Yesterday evening, Master and I were sitting here in my room and He brought up something that, not only caught me off guard, but it hadn't been brought up in months. A poly-amorous relationship. This is something Master and I have talked about for over a year, off and on, and was something that was talked about as a hypothetical situation. We were kind of serious about it, but not so serious that we would consider it right then and there. It was just a "what if" conversation that really didn't get too far.
Though this time, it was different. Master wanted to know more about my thoughts and feelings on this type of thing. So I thought about it for a bit and realized that I still am not really sure on my thoughts and feelings. I do know that right now, emotionally, I am no where near ready to move to this step IF Master and I ever decided do this. I still have a lot of insecurities to work out in myself in order to feel comfortable with not only owning my own pet or submissive, but be okay and accept the fact that they would be submitting to Master as well.

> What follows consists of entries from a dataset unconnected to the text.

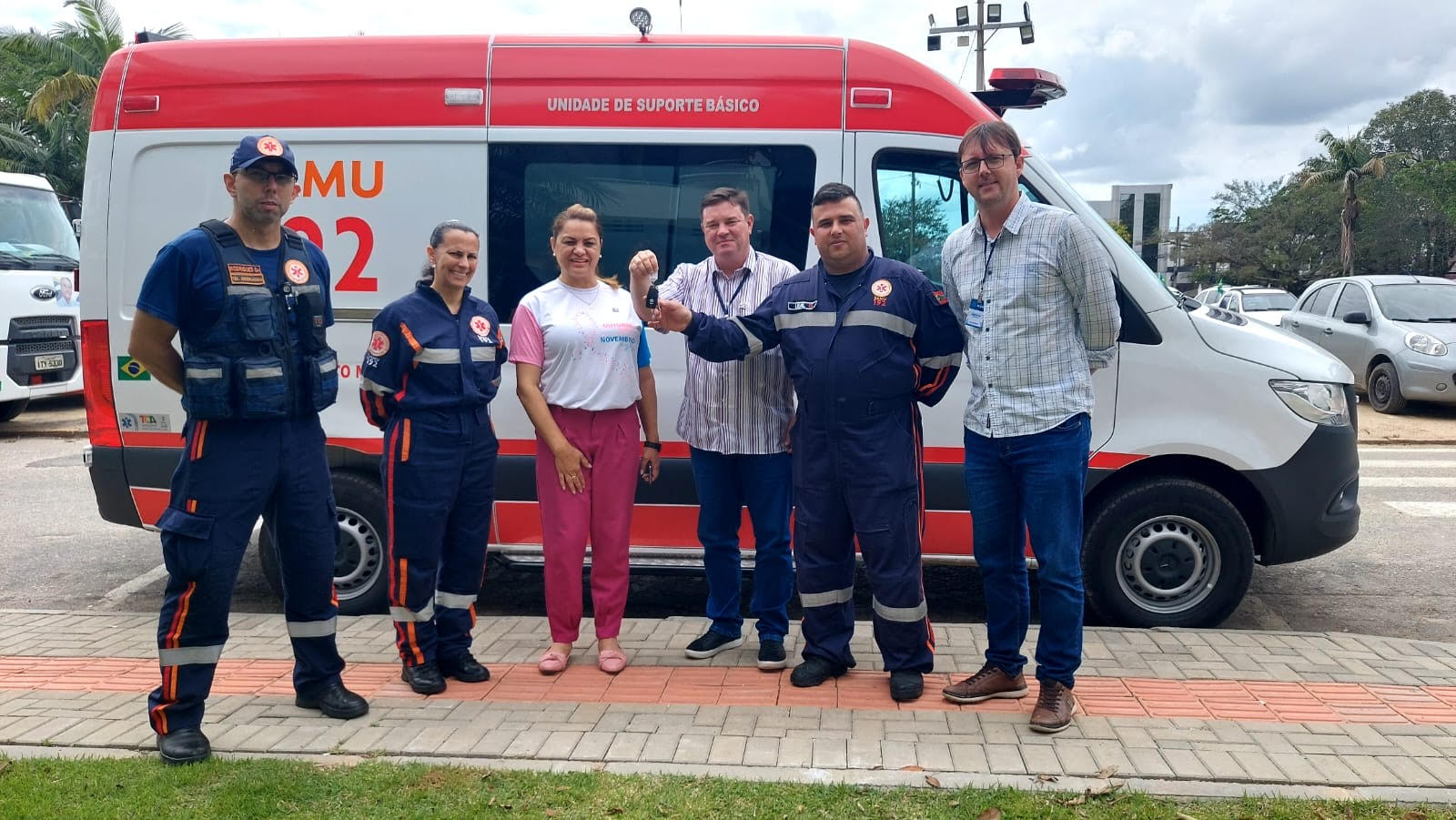 Governo de Içara entrega nova ambulância ao Samu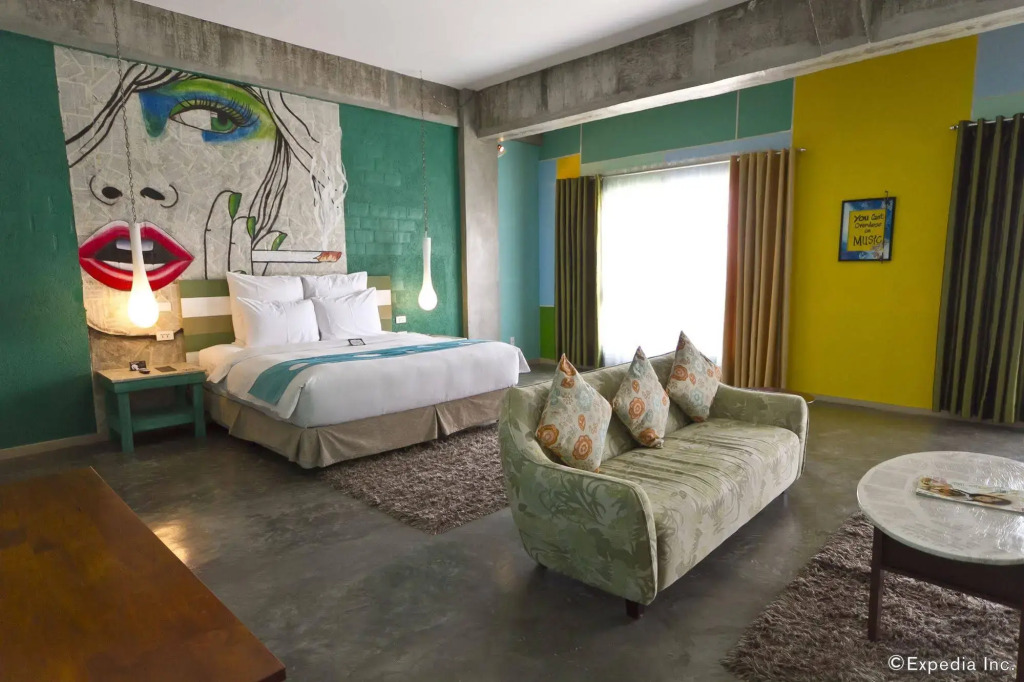 The Henry Hotel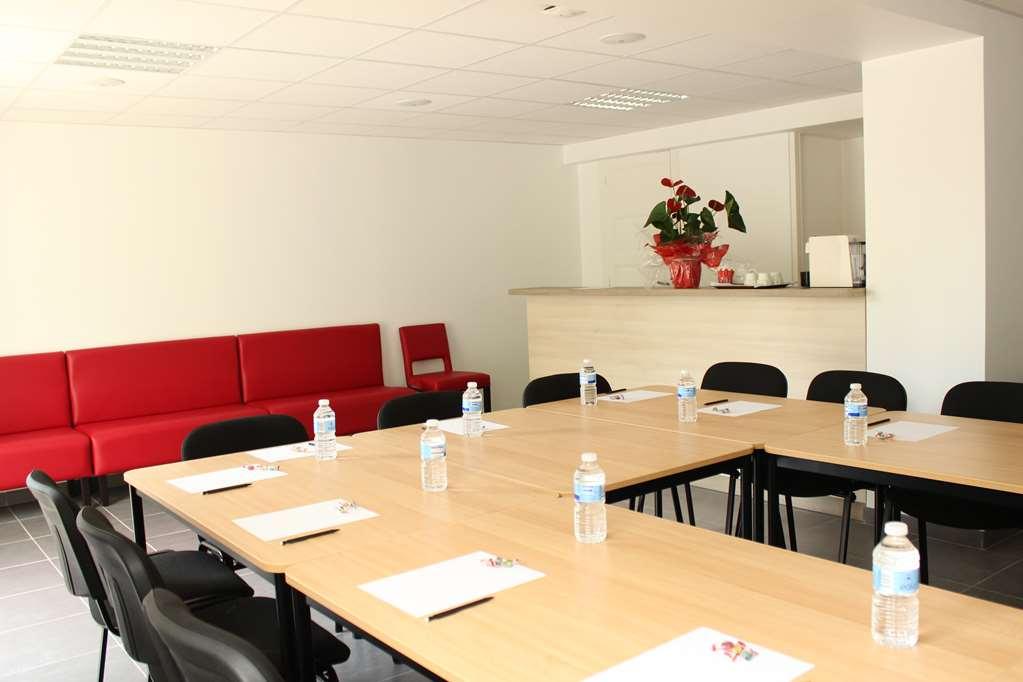 Brit Hotel Brive La Gaillarde - Restaurant La Limousine مالمور المرافق الصورة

I know Master says that He would always put me first, because I came first in our relationship, and while that is nice and all, a part of me feels like.. well it isn't wrong, but it wouldn't be "fair". I'm the type of person who believes in equality, and even though I enjoy the thought of being number one, it just wouldn't be right, in my opinion, for Master to hold me above our pet.
Now... some of my biggest fears, which is what is mainly holding me back from this until I can work out my fears and get rid of them, is that Master would fall in love with the new addition to our relationship. To me, this is a VERY serious thought and I know that if it would happen (at this point in our lives) that I just couldn't handle it. The thought alone of Master even KISSING another person kills me a little on the inside.
Another fear I have is that in knowing that if I ever had a pet, and that she would also be Master's pet as well, is that she might out-do me (so to speak) in serving Master better than myself. Sure.. this sounds a little silly, but one of the biggest things I take pride in is serving Master, and if someone were to do a better job than I do.. I think it would probably cause a bit of jealousy to stir up in me.
These are the biggest and main reasons I know I am NO WHERE near ready for a relationship of this sort. Later on in the future, however, once I have matured some more and become more settled and happy with myself, this is something that I think I could do. I think once Master and I have stabled our lives in the future, maybe after we're married and have a place of our own and everything, that adding someone else to the picture might be possible, and I think I could do it then.
Does the thought of having my own pet right now get me a little excited and happy? Yes. Even now, the thought alone sounds nice. I just hope that if Master decides later on that this is something He'd like to pursue, that I will have the emotional strength to go through it as well..
Now one last thing to clear up, Master is not wanting another addition as of right now. This is something we discussed to basically just do that. Discuss it, which is pretty normal for us. Right now Master and I are doing well with just having one another, but the thought is there and maybe some day, we may put that idea into plan. We still are not sure yet, and wish to wait it out for a few more years.
Anyways, those are my thoughts and feelings on it. I hope that one day Master and I can try this, but for now, we will remain monogamous with one another.